Thread: Getting out ahead of OOM

Getting out ahead of OOM

From
Joseph Hammerman
Date:
Hello admins,

We run Postgres in a Kubernetes environment, and we have not to date been able to convince our Compute team to create a class of Kubernetes hosts that have memory overcommit disabled.

Has anyone had success tracking all the Postgres memory allocation configurables and using that to administratively prevent OOMing?

Alternatively, has anyone has success implementing an extension or periodic process to monitor the memory consumption of the Postgres children and killing them before the OOM event occurs?

If there are adjacent ideas or approaches that I have not considered, please feel free to share those with me as well.

Thanks in advance for any assistance anyone can provide,
Joseph Hammerman

Re: Getting out ahead of OOM

From
Tom Lane
Date:
Joseph Hammerman <joe.hammerman@datadoghq.com> writes:
> We run Postgres in a Kubernetes environment, and we have not to date been
> able to convince our Compute team to create a class of Kubernetes hosts
> that have memory overcommit disabled.

:-(

> Has anyone had success tracking all the Postgres memory allocation
> configurables and using that to administratively prevent OOMing?

I doubt anyone has tried that.  I would look into whether running
the postmaster under a suitable ulimit helps.  I seem to recall
discussions that in Linux, "ulimit -v" works better than the other
likely-looking options.  But that might be stale information.

> Alternatively, has anyone has success implementing an extension or periodic
> process to monitor the memory consumption of the Postgres children and
> killing them before the OOM event occurs?

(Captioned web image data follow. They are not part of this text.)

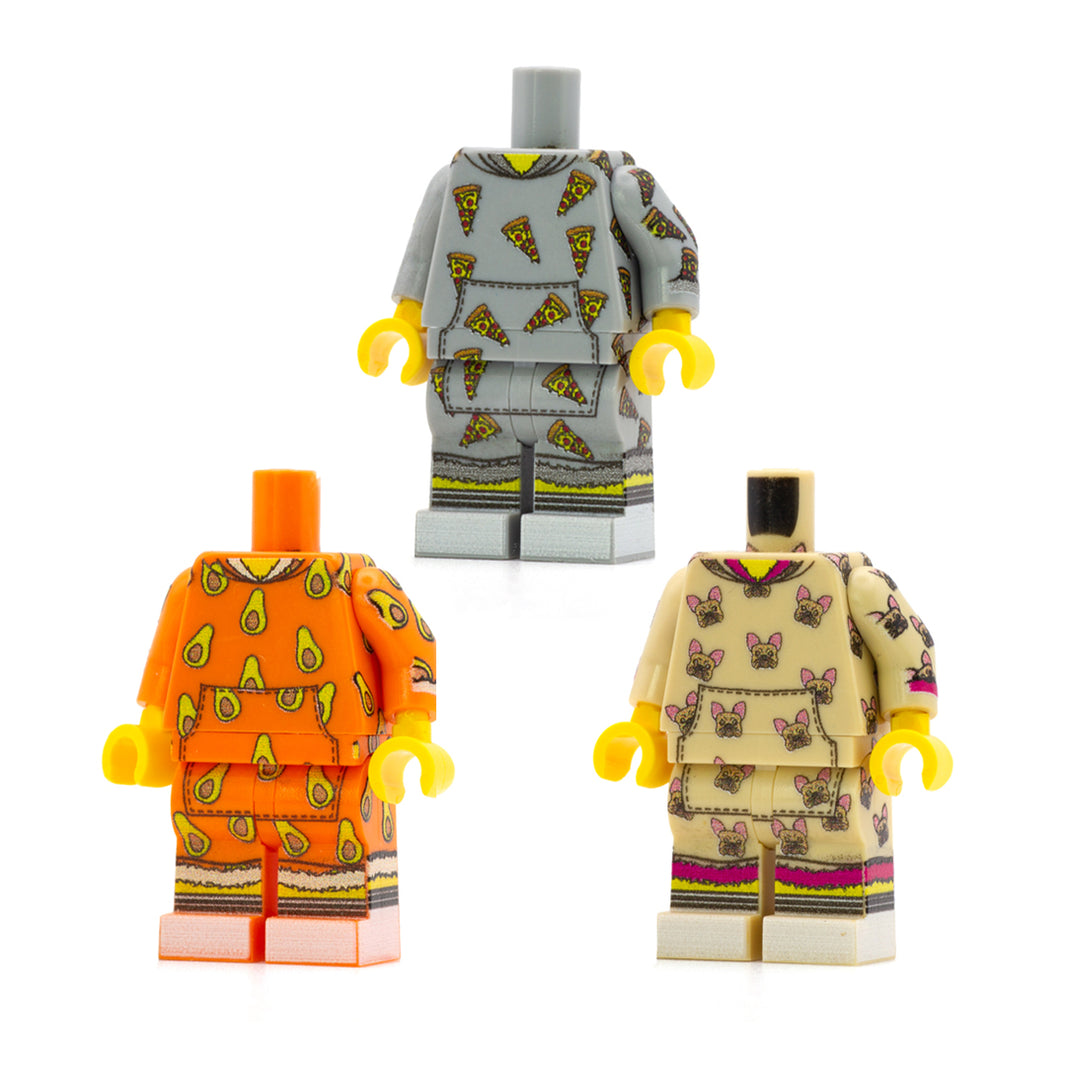 Full Length Outfits – Minifigs.me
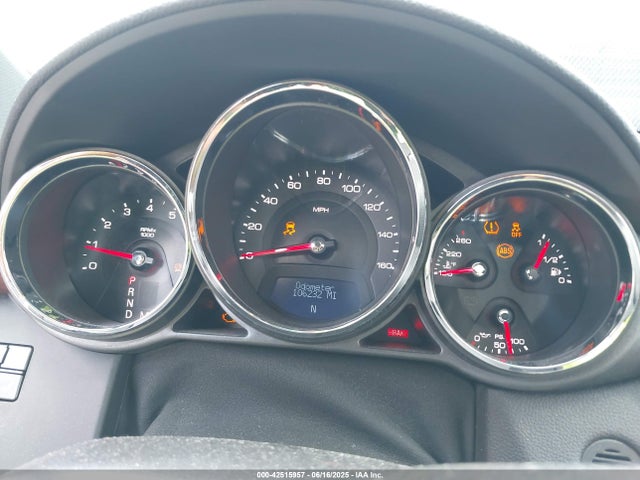 2014 CADILLAC CTS 1G6DH1E36E0162633 Photo 6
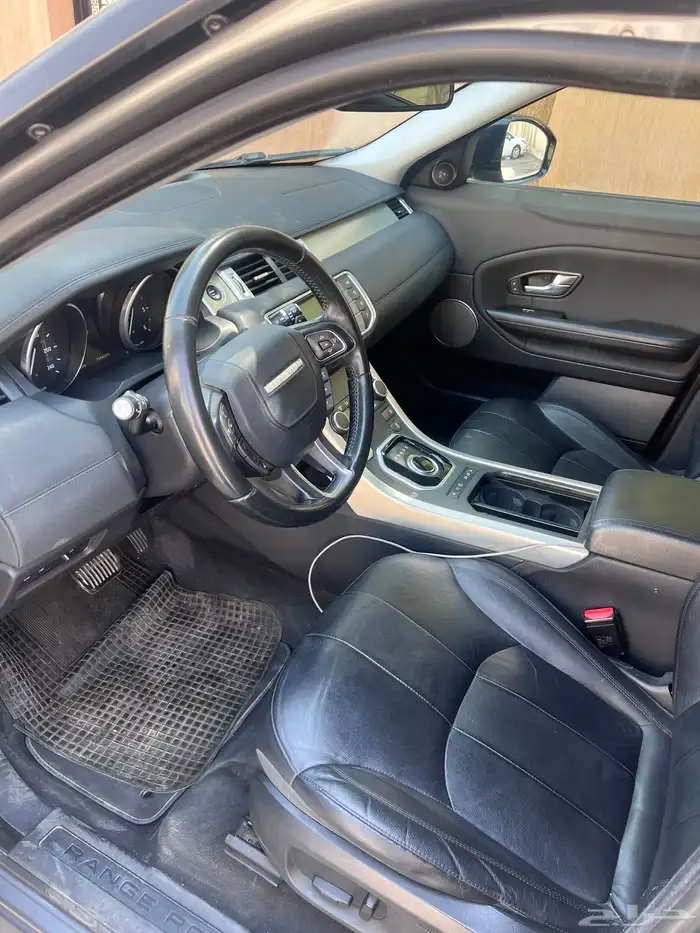 Range Rover Evoque 2018 Diesel 6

That's not going to be noticeably nicer than the kernel-induced
OOM, I think.  The one thing it might do for you is ensure that
the kill happens to a child process and not the postmaster; but
you can already use PG_OOM_ADJUST_VALUE and PG_OOM_ADJUST_FILE
to manage that if it's a problem.  (Recent kernels are alleged
to usually do the right thing without that, though.)

            regards, tom lane



Re: Getting out ahead of OOM

From
Rui DeSousa
Date:


On Mar 7, 2025, at 2:07 PM, Joseph Hammerman <joe.hammerman@datadoghq.com> wrote:

Has anyone had success tracking all the Postgres memory allocation configurables and using that to administratively prevent OOMing?

Don’t use memory limits in Kubernetes and we also run Postgres on dedicated Kubernetes clusters.

Shared memory will get counted multiple times.  Each login session; as it maps in the shared buffers, it will get wrongly counted as memory used (it is shared memory!).  

I have instances running on Kubernetes that only use 6GB of memory; however Kubernetes is wrongly reporting 50GB used due to number of active seasons.  Our Postgres pods use to get terminated when “exceeding" the limit but not! Until removed the use of memory limits in Kubernetes.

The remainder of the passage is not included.